SRF2016 POSTER SESSIONS (1) (64 abstracts)
Imperial College London, London, UK.
Introduction: Polycystic ovary syndrome (PCOS) is a common endocrine disorder, affecting 510% of women of reproductive age, and is the major cause of anovulatory infertility and hyperandrogenism. Aberrant secretion and or action of gonadotropins are implicated but, to date, we have only limited knowledge about the precise mechanisms that are involved. Recent genome wide association studies have discovered significant signals have emerged at loci close to the genes on chromosome 2 coding for the gonadotropin receptors. The functional significance of these polymorphisms is, as yet, far from clear and this represents a key area for further research.
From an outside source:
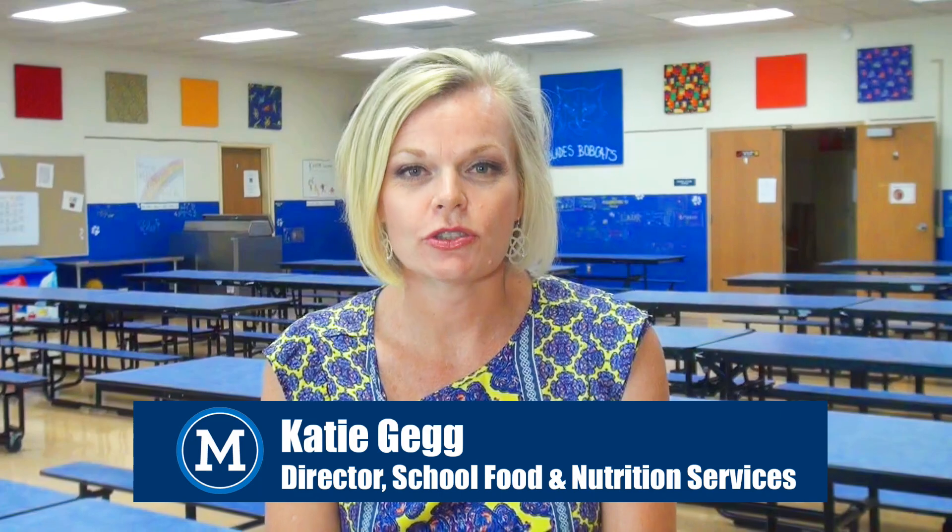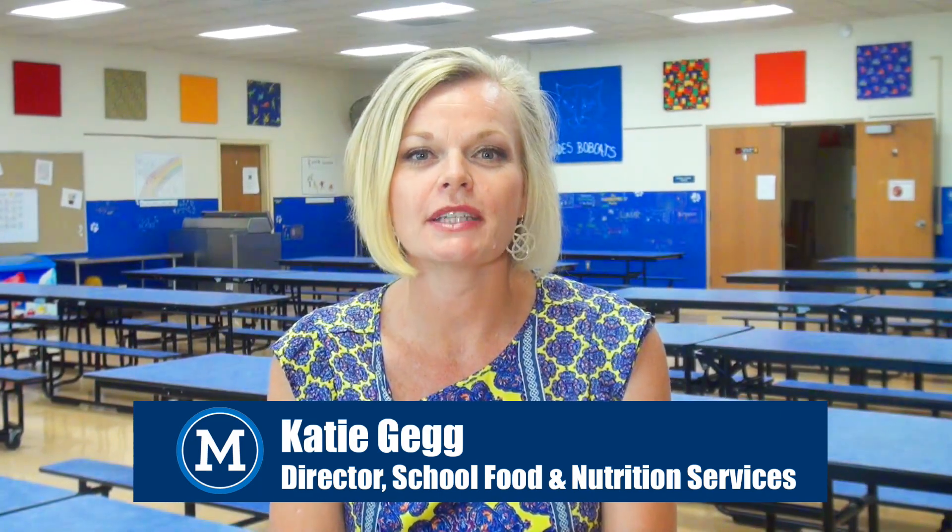Hello, my name is Katie Gag and I am the Director of School Food and Nutrition. We would like to welcome your student to the Melville School District. As an incoming kindergartner, their days are going to be filled with fun, new things. We would like to encourage them to come eat with us in the cafeteria. We offer both breakfast and lunch at all of our schools every day. The monthly menu will be posted on the school district's website as well as the school's website and Peach Jar.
Methods: In this study granulosa-lutein (GL) cells were obtained from women with and without PCOS undergoing IVF. RNA was extracted and quantitative real-time PCR was performed to analyse differential gene expression. Cyclic AMP production was measured after administration of luteinising hormone (LH) and follicle stimulating hormone (FSH) to cultured cells using a second messenger accumulation assay. Intracellular calcium signalling was measured in cultured cells after administering LH using calcium fluorescent indicators.
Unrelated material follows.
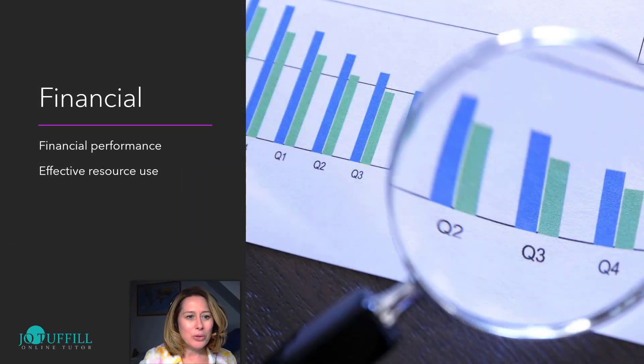The financial perspective is stewardship. It views an organisation's financial performance and the use of financial resources. This is our traditional way of targeting a company, but we need to get a more balanced view, so we add the three other perspectives.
Results: Increased expression of full-length FSH (P=0.02) but not LH receptor RNA was seen in PCOS, along with increased expression of signaling and trafficking molecules including β arrestin 2 (P=0.03), PDZ protein GIPC (P=0.07) and adaptor protein containing PH domain, PTB domain and leucine zipper 1 (APPL1) (P=0.005). No significant differences were seen in expression of LH receptor splice variants. Cyclic AMP level measured after administration of LH for 5 min was higher in cells from women with PCOS than from control women (×fourfold increase). Cyclic AMP measured after administration of FSH for 5 min however was negligible in both groups, suggesting involvement of an alternative to the traditional Gs signaling pathway. Administration of LH activated a calcium signaling response in granulosa cells.
Conclusion: These provisional results reveal multiple molecular alterations of LH receptor action and downstream signaling in PCOS.